The most common “RBAC” systems today have been stripped down in ways that make them considerably weaker than the original concept. By going back to the original, we can build a true RBAC/ABAC security model that’s both simpler and more powerful than what you’ve likely seen before, for both very small and very large networks.
People often tell us how surprised they were that their security policy required so few rules to express. That’s not an accident!
But first, some history.
From DAC to MAC
RBAC and ABAC concepts and terminology originated in the U.S. military, decades ago. Role-Based Access Controls (Ferraiolo and Kuhn, 1992) is a pretty good introduction.
I’ve never been in the military and I didn’t know anything about access control back in 1992, but here’s what seems to have evolved.
First there was Discretionary Access Control (DAC), which is still common today. With DAC, the owner of an object can grant permissions on it.
So if you own a file in Unix, you can set
the file permissions (“modes,” hence
chmod for “change mode”) to
grant other people read or write or execute access to it. Or if you own a
Google Doc, you can press the share button and grant access, and so on.
Military people don’t much like DAC, because it’s a little too easy for super-secret stuff to get reshared in non-policy-compliant ways. But it’s still common and pretty reasonable among regular people.
Mandatory access control (MAC) tightens that up. MAC is considerably harder to explain, since you don’t see it as often. When you do, you may not think of it as “access control.”
[Note: don’t confuse MAC (mandatory access control) with “MAC address” (media access controller address) used in networking. They’re unrelated.]
MAC is when some administrator or administrative rule somewhere defines the rules. With MAC, your ability to do something doesn’t let you share that ability with others.
Wikipedia gives one good example: TCP and UDP port numbers. If you bind to one local port (presumably without SO_REUSEADDR), nobody else on that machine can use that same port, no matter how privileged they are. The non-overlapping requirement for ports is “mandatory.”

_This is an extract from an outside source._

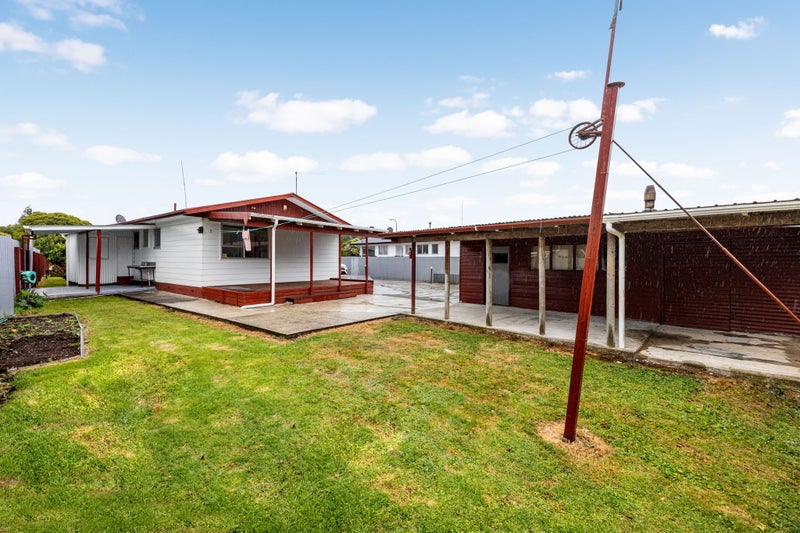 53 Karen Crescent, Dinsdale, Hamilton - Carousel 2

In my earlier article about file locking, I talked about the difference between advisory locks and mandatory locks. If you hold an advisory lock, you can tell other apps it’s safe to read the file; if you hold a mandatory lock, the rules say they’ll be prevented from reading, no matter what.
When controlling access to documents or systems, you can see why the military was excited about MAC… in theory. The dream is to be able to make a doc “for your eyes only” and prevent any other eyes from reading it, even if your eyes would like to share. Imagine a locked room with a security guard out front, and you can only get into the room if you show your badge, and the guard stops you from bringing in a camera. You have access to the docs in the room, but you can’t share them.
That example should give us a clue that MAC in digital systems is easier in theory than in practice. A full-on MAC system is very hard to actually enforce. Digital restrictions management (DRM) is a type of MAC, where the recipient of the file supposedly does not have the ability to share it further, and every BitTorrent user knows how well that works in real life.
Two-factor login as MAC
Although you might not have thought of it this way, another type of mandatory access control is multi-factor authentication (MFA or 2FA):
You can use MFA to restrict login to a computer or a service so that only a particular person can do it. And if that person isn’t an admin on the computer, they (supposedly, if the computer is perfectly locked down) won’t be able to share that computer further, not even by sharing their password. Login is mandatory, and sharing the second factor is (supposed to be) impossible.
Photo sharing as DAC or MAC
For another example, take photo sharing. On some services (poorly-implemented ones in particular), anyone with the right “secret” URL can access a given photo or message or file. Of course, anyone with that URL can re-share it: that makes it DAC.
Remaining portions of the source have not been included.